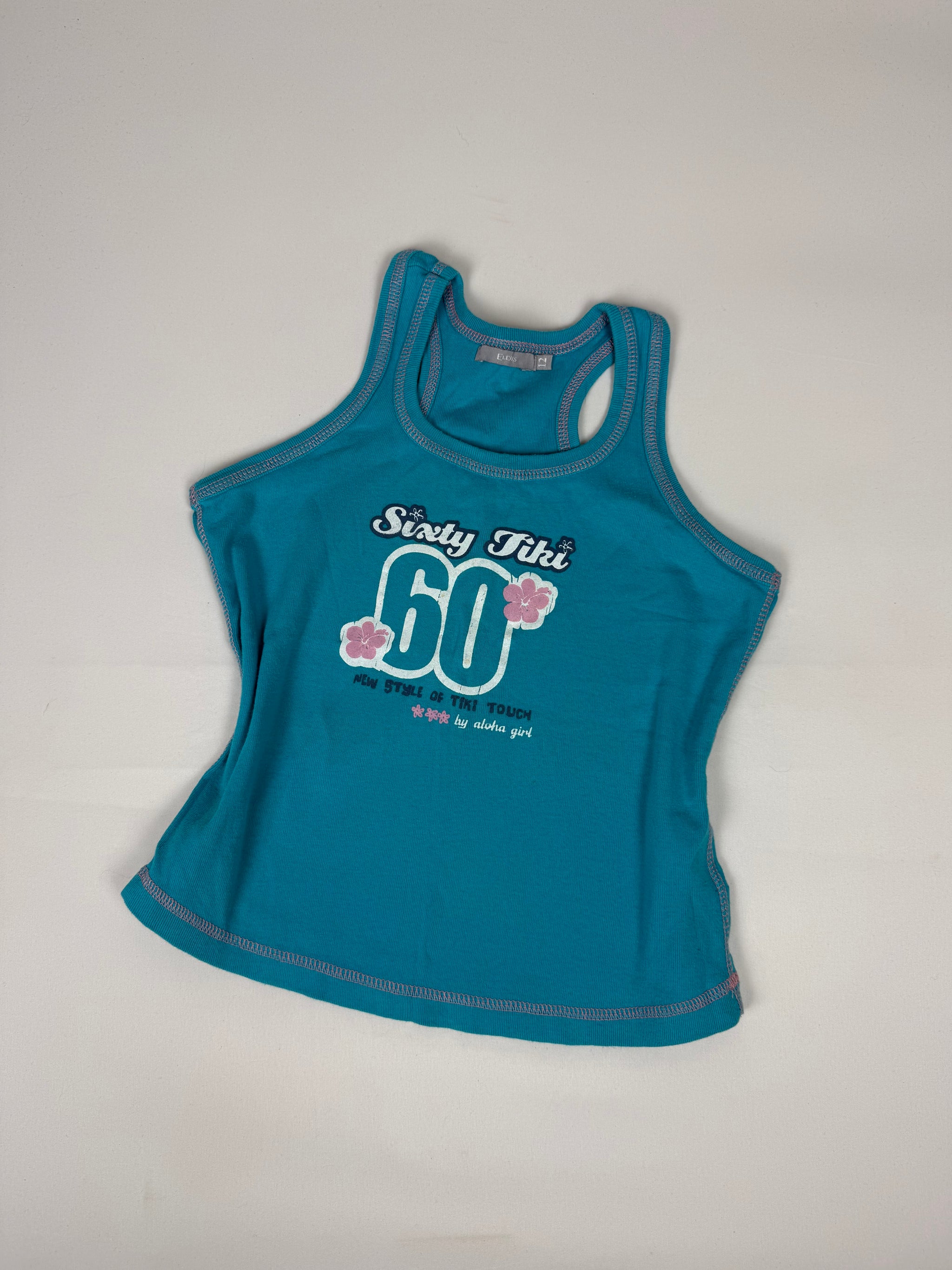 Blue graphic cotton tank top (S)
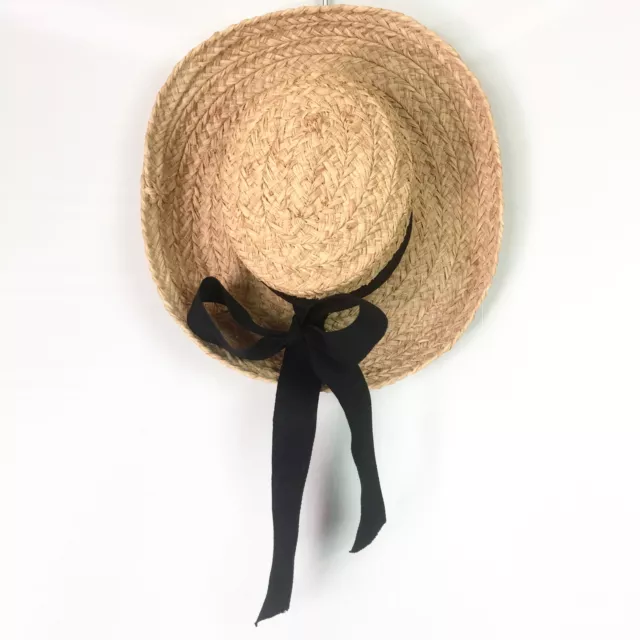 Helen Kaminski Womens Raffia Hat Black Ribbon Classic Sun Rolled Wide Brim Straw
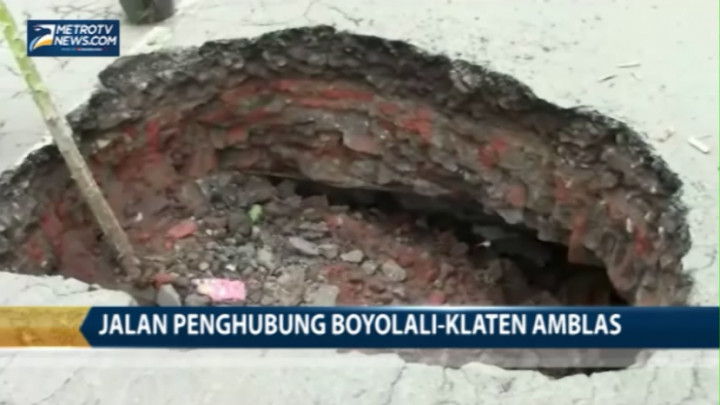Jalan Penghubung Boyolali-Klaten Amblas 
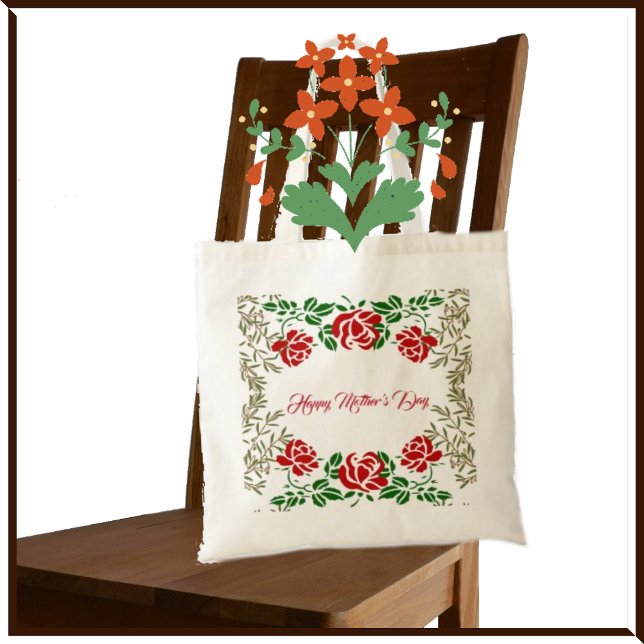 Tote Bag Joyeuse Fête des mères Rose rouge Floral Vert mign (Créateur téléchargé)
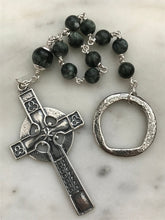 Load image into Gallery viewer, Celtic Penal Rosary - Sterling Silver and Seraphinite Gemstones - Beautiful Celtic Cross - Single Decade Rosary CeCeAgnes
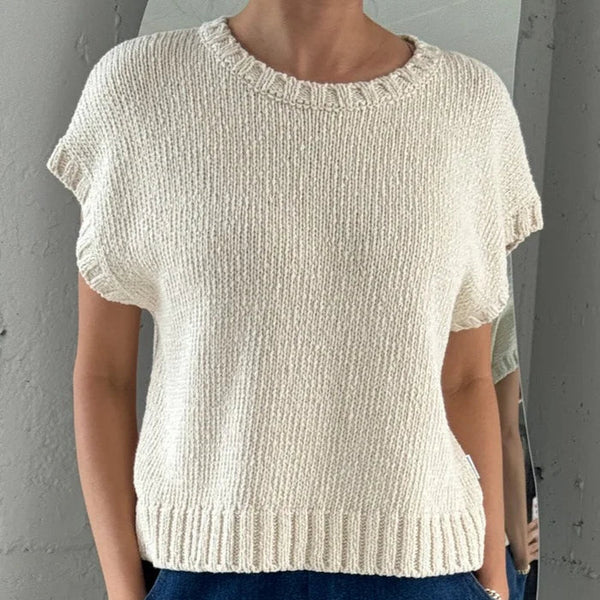 Pierre Cotton Sweater Top in Naturel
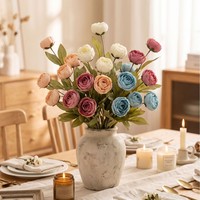 Bunga Peony Sutra Buatan, Tangkai Tunggal, Bunga Peony Palsu untuk Dekorasi Vas, Pernikahan, dan Centerpiece Meja Rumah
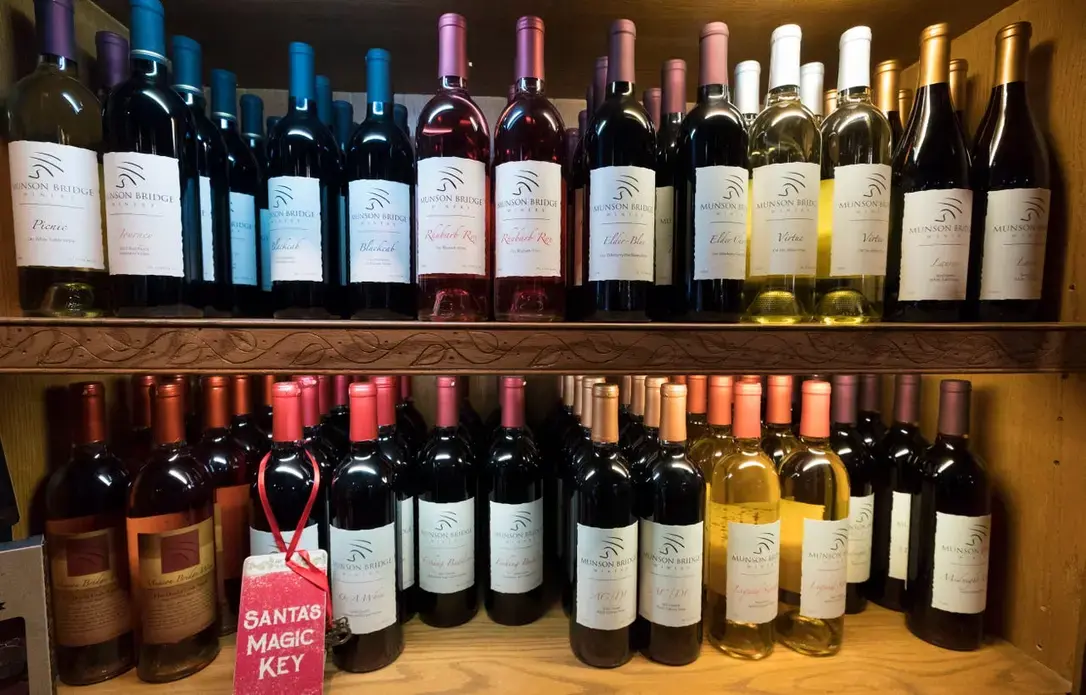 A selection of wine for sale at Munson Bridge Winery in Withee. Image by Mark Hoffman. United States, 2019.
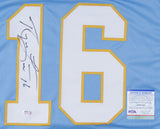 Ryan Leaf Signed Chargers Jersey (PSA COA) San Diego's 1998 #2 Overall Draft Pck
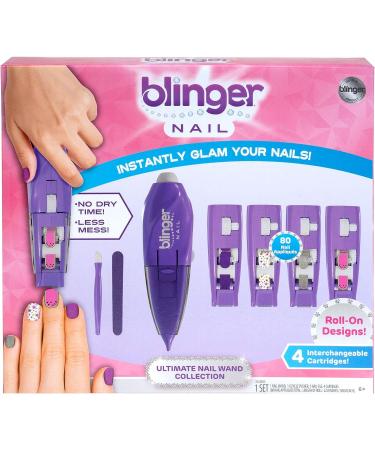 Blinger Ultimate Nail Wand Collection - Purple Sticker Sheets, 1 Step Process, No Drying, Nail Art for School, Parties, Special Occasions - Exclusive - Buy Online on GoSupps.com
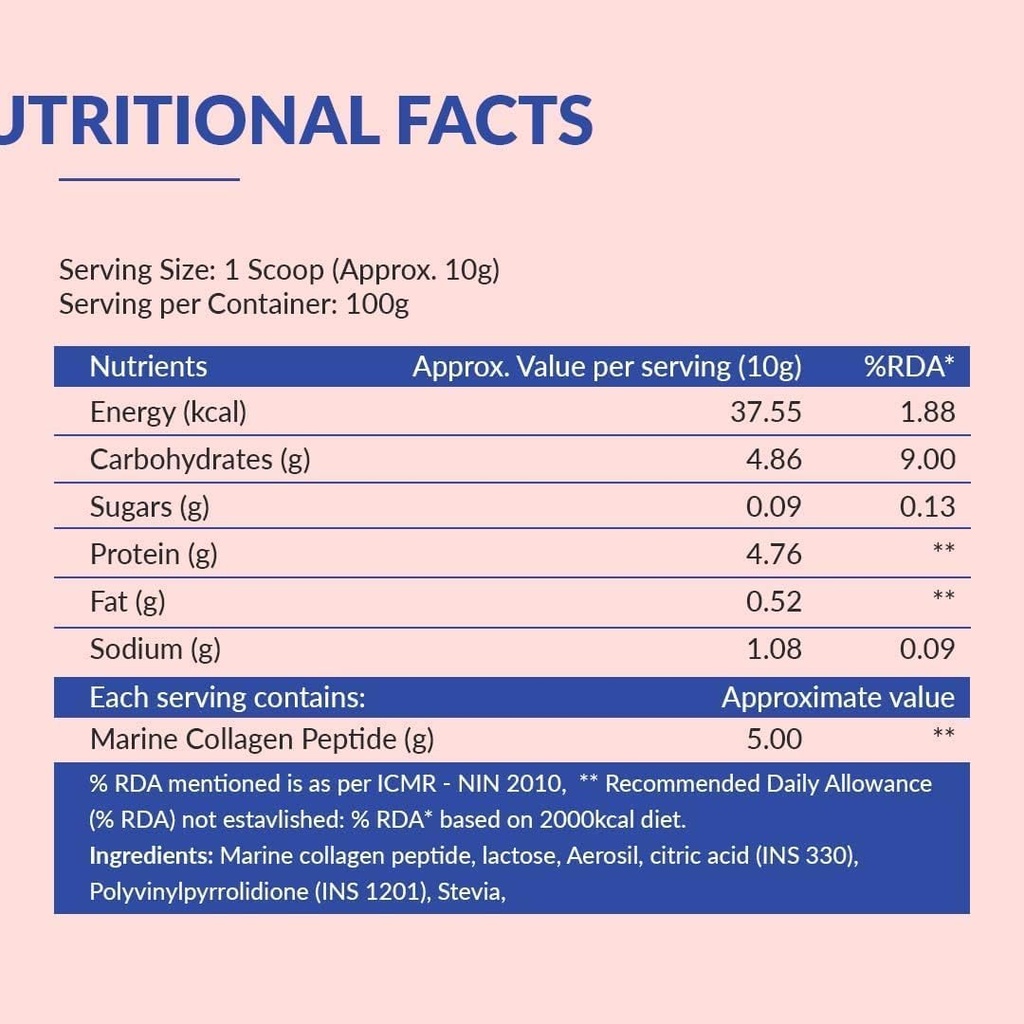 女性・男性向けコラーゲンマリノ - 肌・ヘア・ネイル・ジョイント用純水分解マリンコラーゲンパウダー | 皮膚水和 |- 100 GM (1個入)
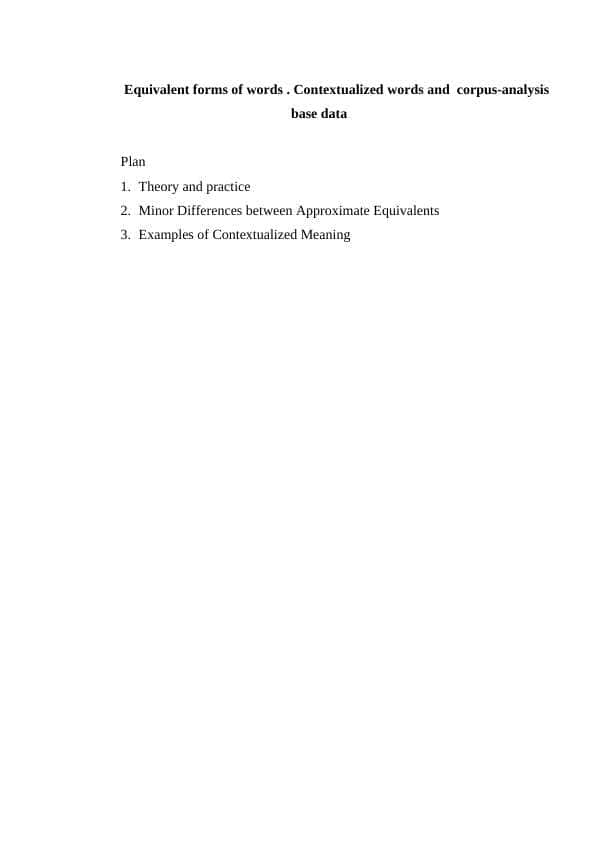 Equivalent forms of words . Contextualized words and corpus-analysis base data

- Directions for this task: The answer is the full set of records printed exactly, less the pictures.

- Final answer:
 Blue graphic cotton tank top (S)
 Helen Kaminski Womens Raffia Hat Black Ribbon Classic Sun Rolled Wide Brim Straw
Jalan Penghubung Boyolali-Klaten Amblas 
 Tote Bag Joyeuse Fête des mères Rose rouge Floral Vert mign (Créateur téléchargé)
 Load image into Gallery viewer, Celtic Penal Rosary - Sterling Silver and Seraphinite Gemstones - Beautiful Celtic Cross - Single Decade Rosary CeCeAgnes
 Pierre Cotton Sweater Top in Naturel
 Bunga Peony Sutra Buatan, Tangkai Tunggal, Bunga Peony Palsu untuk Dekorasi Vas, Pernikahan, dan Centerpiece Meja Rumah
 A selection of wine for sale at Munson Bridge Winery in Withee. Image by Mark Hoffman. United States, 2019.
 Ryan Leaf Signed Chargers Jersey (PSA COA) San Diego's 1998 #2 Overall Draft Pck
 Blinger Ultimate Nail Wand Collection - Purple Sticker Sheets, 1 Step Process, No Drying, Nail Art for School, Parties, Special Occasions - Exclusive - Buy Online on GoSupps.com
 女性・男性向けコラーゲンマリノ - 肌・ヘア・ネイル・ジョイント用純水分解マリンコラーゲンパウダー | 皮膚水和 |- 100 GM (1個入)
 Equivalent forms of words . Contextualized words and corpus-analysis base data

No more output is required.